*WORK ITEM*:
Copy the lines below word for word, skipping any image.
(PROVIDED ENTRIES Opens)
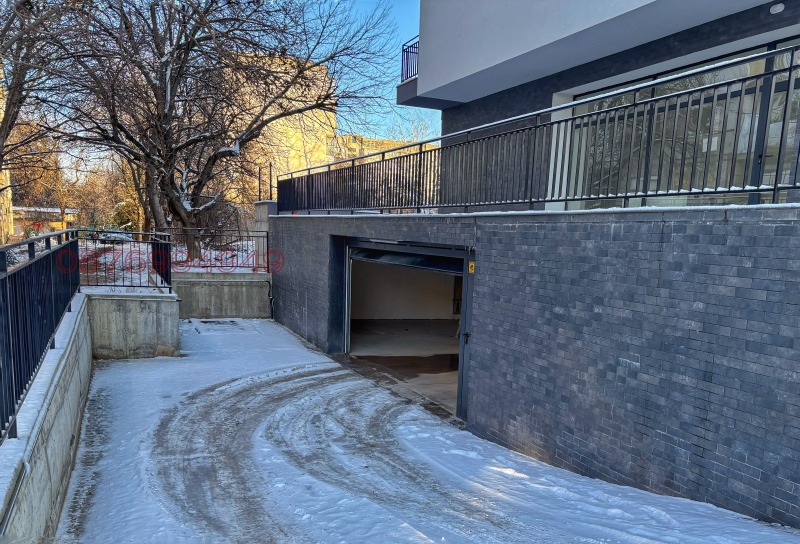 Продава ПАРКОМЯСТО в град Плевен, Сторгозия - 22 кв.м / 15 000 € » 29 337.45 лв.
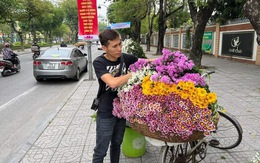 Tranh cãi chuyện xử lý người bán hoa dạo trên phố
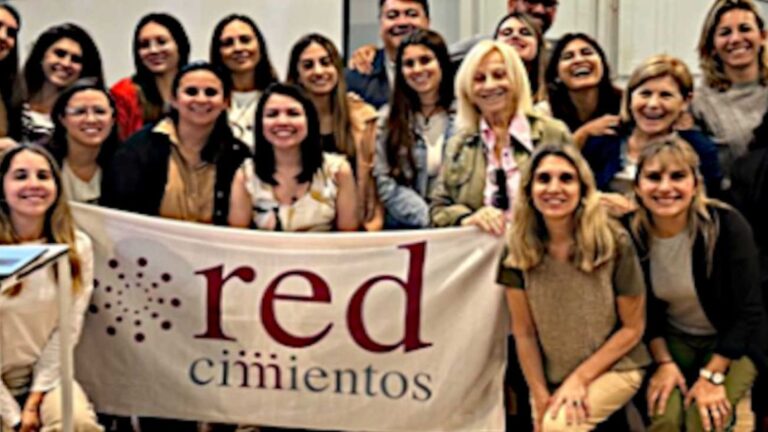 Cimientos celebra a sus aliados y muestra avances en educación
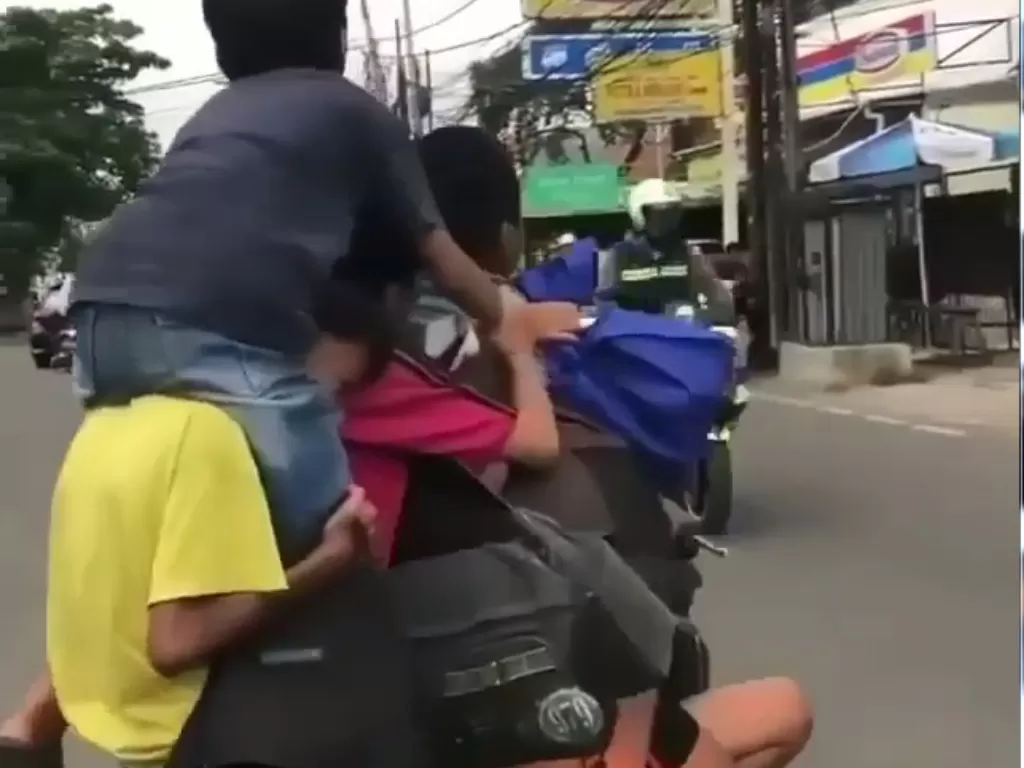 Tampilan 6 bocah yang naik motor tanpa alat keselamatan berupa helm dan jaket. (SS/Instagram/@agoez_bandz4)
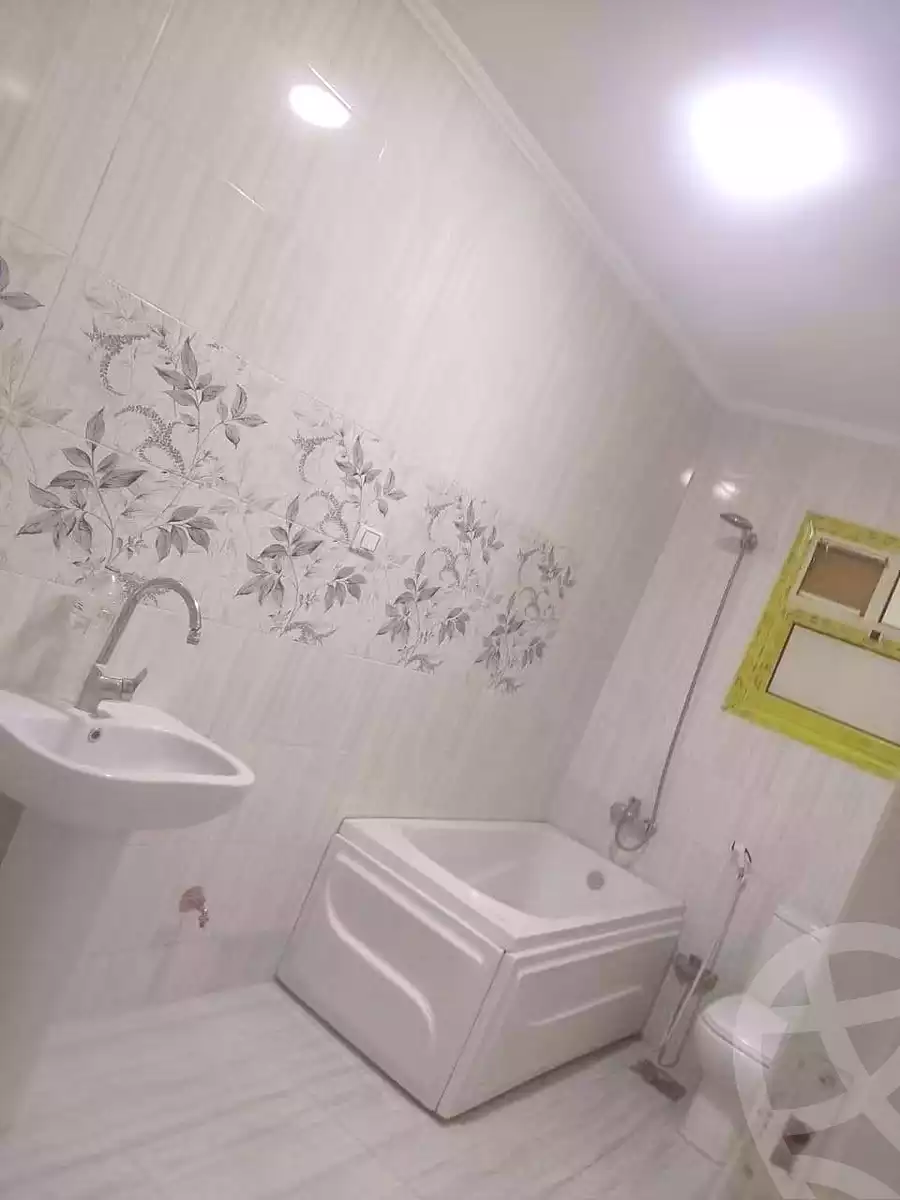 https://aqarmap.com.eg/ar/listing/7297200-for-sale-cairo-helwan-helwan-el-sharkeya-borhan-st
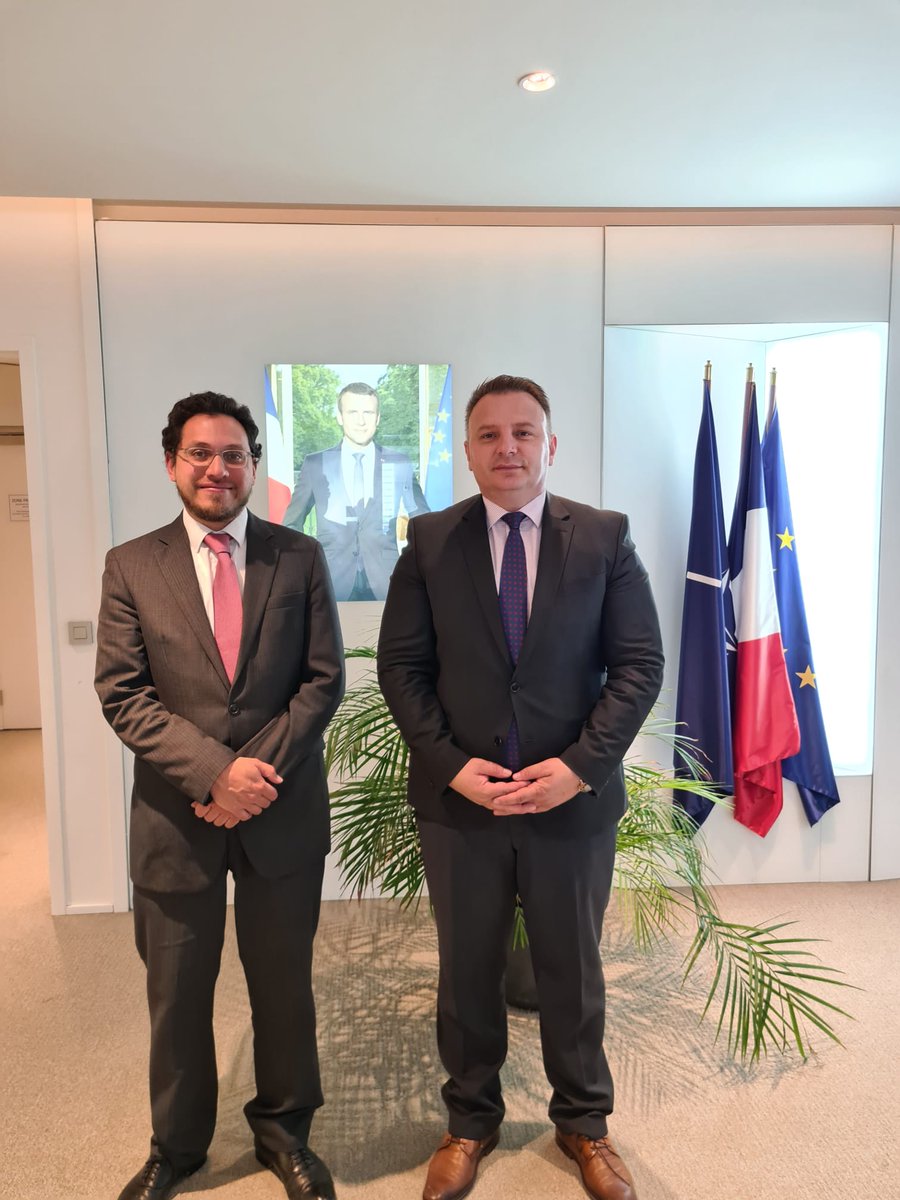 FranceOTAN's tweet photo. Aujourd’hui échanges fructueux avec @AstritZemaj, Ambassadeur en charge de l'OTAN et le Représentant permanent adjoint @lypandas de @FranceOTAN. La 🇫🇷 et le 🇽🇰 ensemble pour la stabilité des Balkans occidentaux. https://t.co/VlipzcKRaM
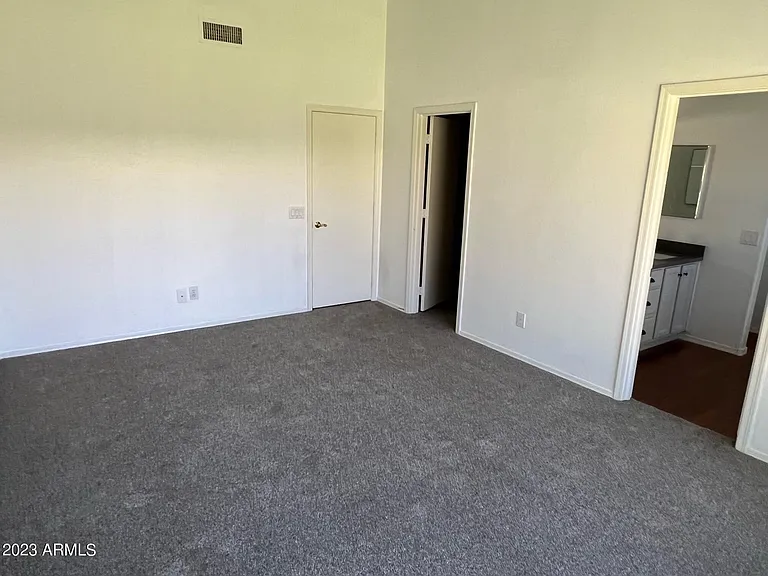 8 W Marco Polo Rd — Photo 12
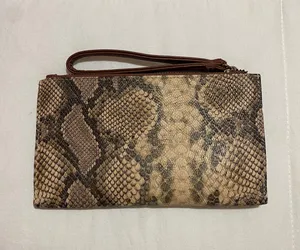 Brown Cheetah Wristlet thumbnail 1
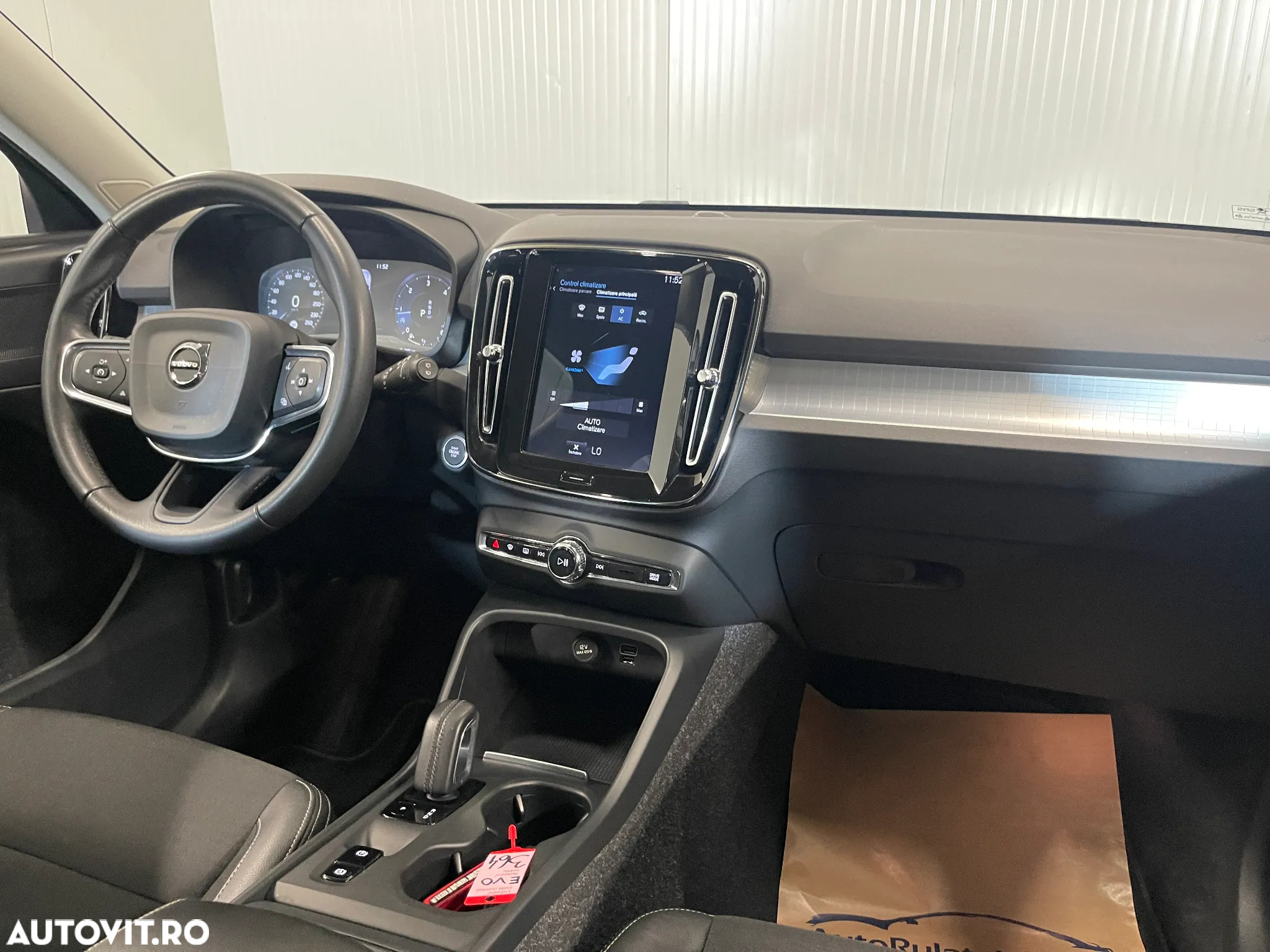 Volvo XC 40 D3 Momentum - 8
(PROVIDED ENTRIES Closes)
*REPLY TO THE EXERCISE*:
 Продава ПАРКОМЯСТО в град Плевен, Сторгозия - 22 кв.м / 15 000 € » 29 337.45 лв.
 Tranh cãi chuyện xử lý người bán hoa dạo trên phố
 Cimientos celebra a sus aliados y muestra avances en educación
 Tampilan 6 bocah yang naik motor tanpa alat keselamatan berupa helm dan jaket. (SS/Instagram/@agoez_bandz4)
 https://aqarmap.com.eg/ar/listing/7297200-for-sale-cairo-helwan-helwan-el-sharkeya-borhan-st
 FranceOTAN's tweet photo. Aujourd’hui échanges fructueux avec @AstritZemaj, Ambassadeur en charge de l'OTAN et le Représentant permanent adjoint @lypandas de @FranceOTAN. La 🇫🇷 et le 🇽🇰 ensemble pour la stabilité des Balkans occidentaux. https://t.co/VlipzcKRaM
 8 W Marco Polo Rd — Photo 12
 Brown Cheetah Wristlet thumbnail 1
 Volvo XC 40 D3 Momentum - 8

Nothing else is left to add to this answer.